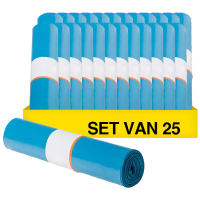 Aanbieding: 10x Vuilniszakken 120 liter | 25 stuks | LDPE | Blauw | 123schoon  SDR05260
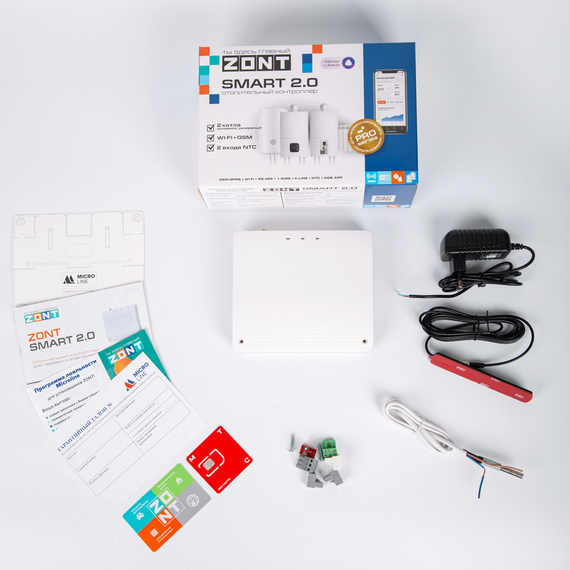 Отопительный контроллер ZONT SMART 2.0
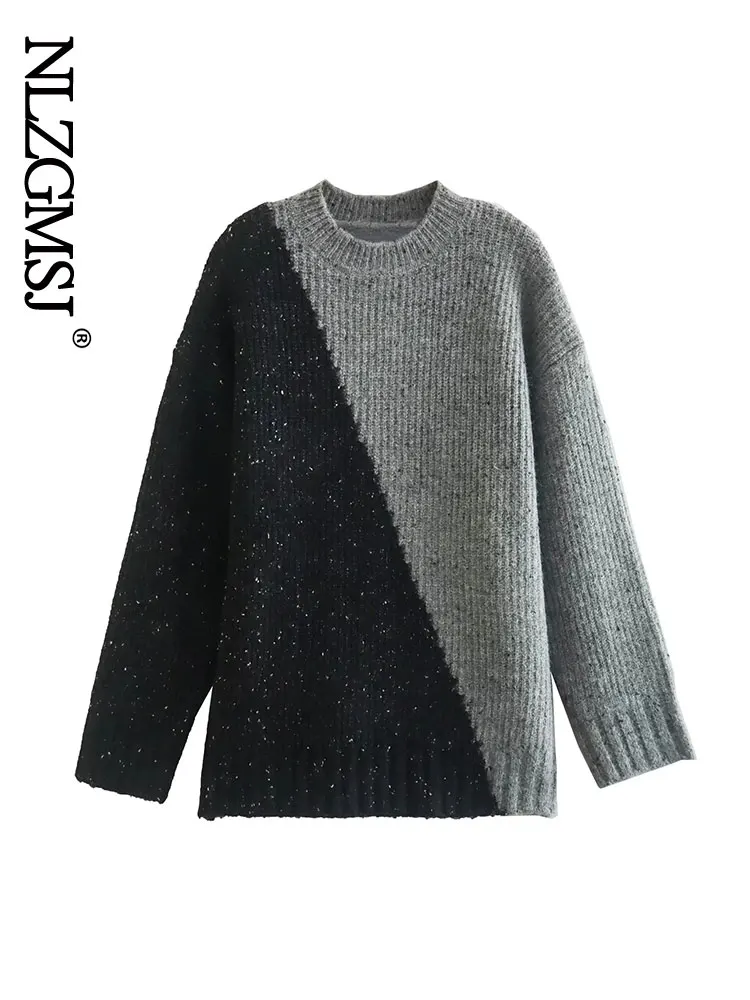 Nlzgmsj Losse Knitting Tops Autumn Winter 2023 Light Luxury Women Pullover Sweater Gray Black Patchwork Office Lady
Nlzgmsj Losse Knitting Tops Autumn Winter 2023 Light Luxury Women Pullover Sweater Gray Black Patchwork Office Lady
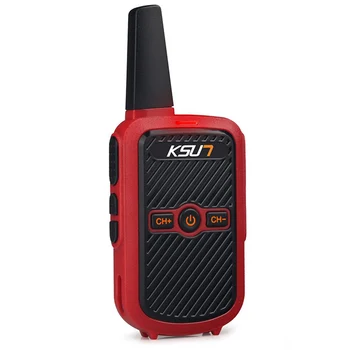 Портативная рация KSUN KSX30-LT с широким диапазоном частот, Домофон, Портативный Мини-FM-Приемопередатчик, двухстороннее радио Изображение 2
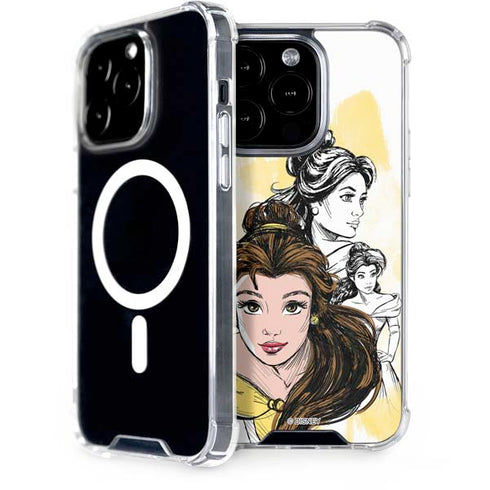 Disney Princess Belle Sketch iPhone 15 Pro MagSafe Case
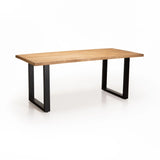 DIYA 240x100cm SOLID WOOD DT - LIGHT OAK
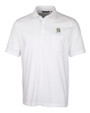 Albany State University Golden Rams Cutter & Buck Advantage Tri-Blend Jersey Mens Big and Tall Pocket Polo White Mannequin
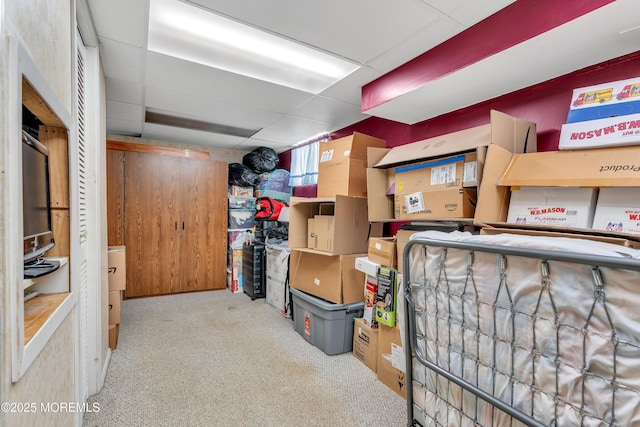 view of storage area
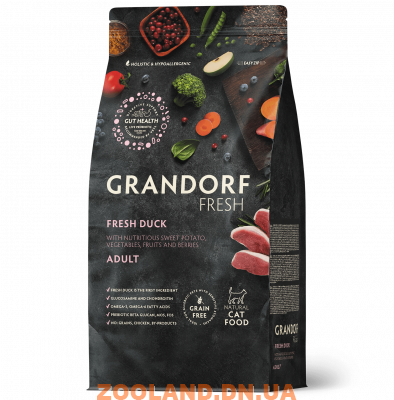 GRANDORF FRESH (Грандорф) Для кошек с чувствительным пищеварением Утка/Батат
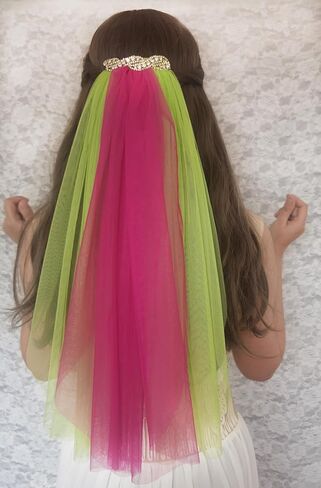 Leimandy الحجاب الزفاف العازبة حزب الحجاب الزفاف الحجاب شخصية الحجاب وصيفه الشرف الحجاب القصير مع حجر الراين B031 in Kuwait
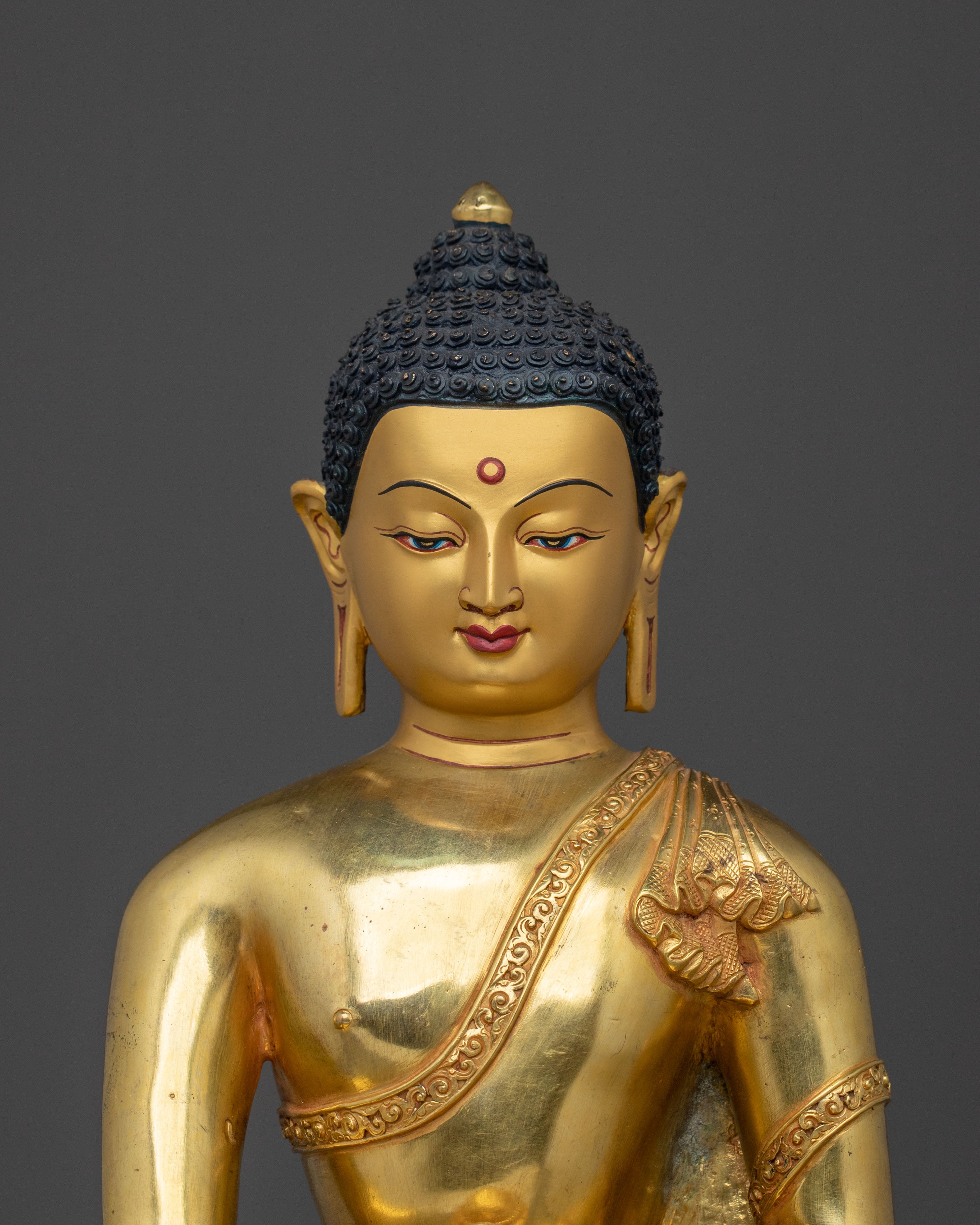 Buddhist Ritual Shakyamuni Buddha Statue | Traditional Altar Decor Statue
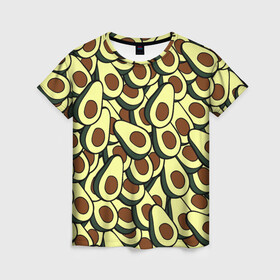 Женская футболка 3D с принтом Авокадо , 100% полиэфир ( синтетическое хлопкоподобное полотно) | прямой крой, круглый вырез горловины, длина до линии бедер | avocado | food | fruit | vegan | vegetarian | авокадо | веган | вегетарианство | еда | фрукты
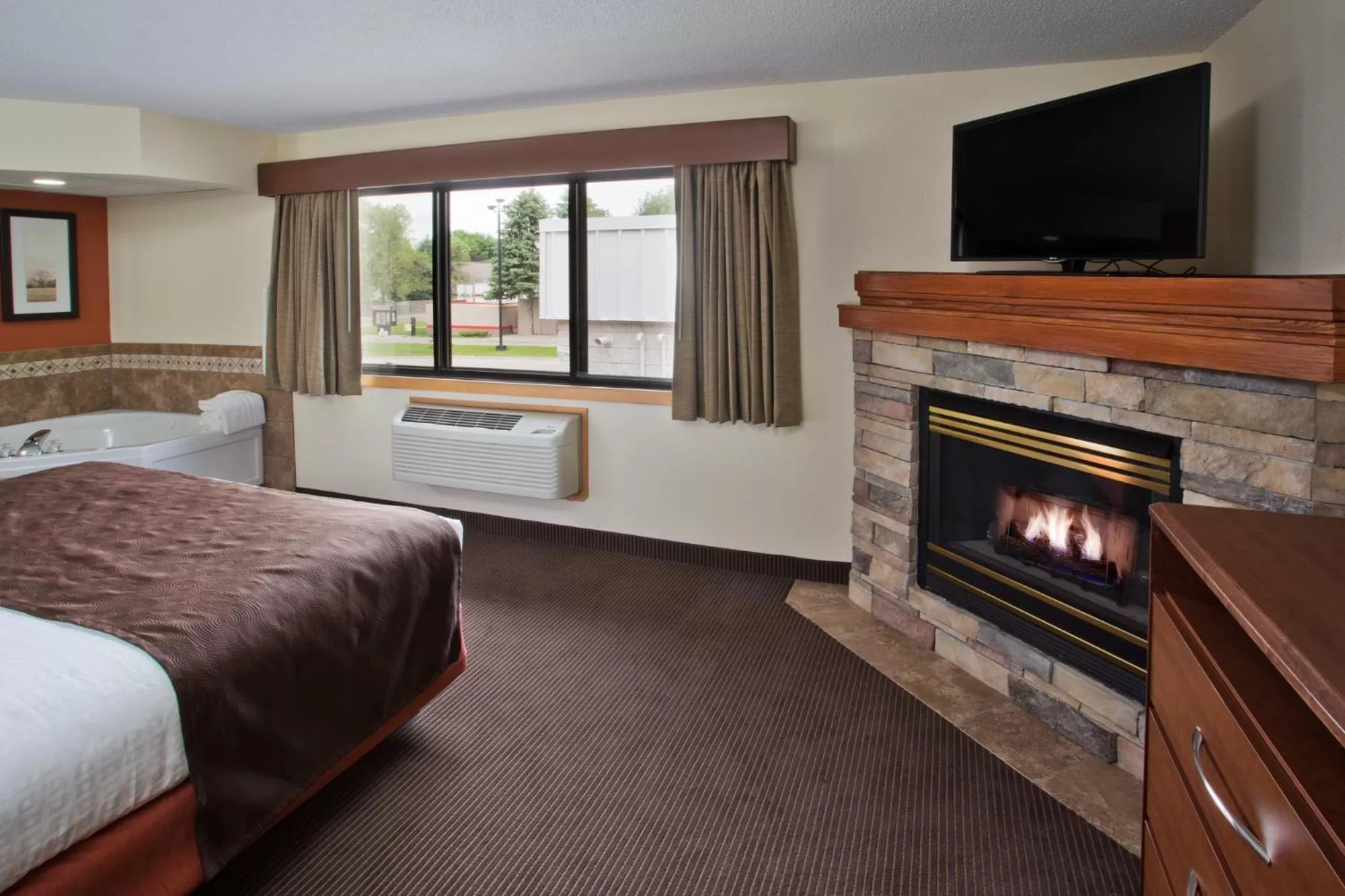 One-Bedroom Deluxe King Suite - Non-Smoking in AmericInn by Wyndham Grand Forks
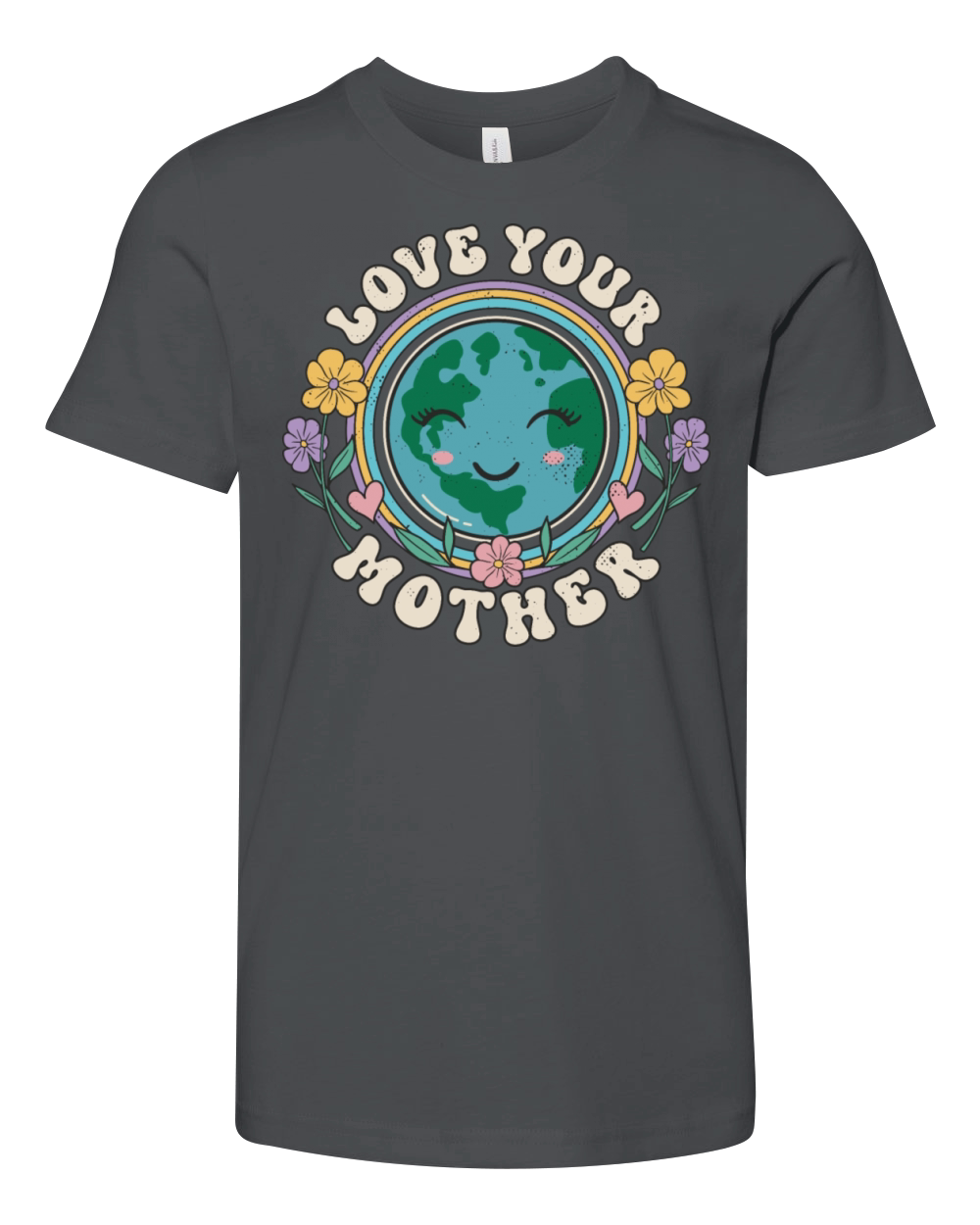 Earth Day Love Your Mother Gift Idea Youth Unisex Jersey Tee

• [Assignment] With the pictures removed, output the listing above exactly.

• [Task output]
 Aanbieding: 10x Vuilniszakken 120 liter | 25 stuks | LDPE | Blauw | 123schoon  SDR05260
 Отопительный контроллер ZONT SMART 2.0
 Nlzgmsj Losse Knitting Tops Autumn Winter 2023 Light Luxury Women Pullover Sweater Gray Black Patchwork Office Lady
Nlzgmsj Losse Knitting Tops Autumn Winter 2023 Light Luxury Women Pullover Sweater Gray Black Patchwork Office Lady
 Портативная рация KSUN KSX30-LT с широким диапазоном частот, Домофон, Портативный Мини-FM-Приемопередатчик, двухстороннее радио Изображение 2
 Disney Princess Belle Sketch iPhone 15 Pro MagSafe Case
 DIYA 240x100cm SOLID WOOD DT - LIGHT OAK
 Albany State University Golden Rams Cutter & Buck Advantage Tri-Blend Jersey Mens Big and Tall Pocket Polo White Mannequin
 view of storage area
 GRANDORF FRESH (Грандорф) Для кошек с чувствительным пищеварением Утка/Батат
 Leimandy الحجاب الزفاف العازبة حزب الحجاب الزفاف الحجاب شخصية الحجاب وصيفه الشرف الحجاب القصير مع حجر الراين B031 in Kuwait
 Buddhist Ritual Shakyamuni Buddha Statue | Traditional Altar Decor Statue
 Женская футболка 3D с принтом Авокадо , 100% полиэфир ( синтетическое хлопкоподобное полотно) | прямой крой, круглый вырез горловины, длина до линии бедер | avocado | food | fruit | vegan | vegetarian | авокадо | веган | вегетарианство | еда | фрукты
 One-Bedroom Deluxe King Suite - Non-Smoking in AmericInn by Wyndham Grand Forks
 Earth Day Love Your Mother Gift Idea Youth Unisex Jersey Tee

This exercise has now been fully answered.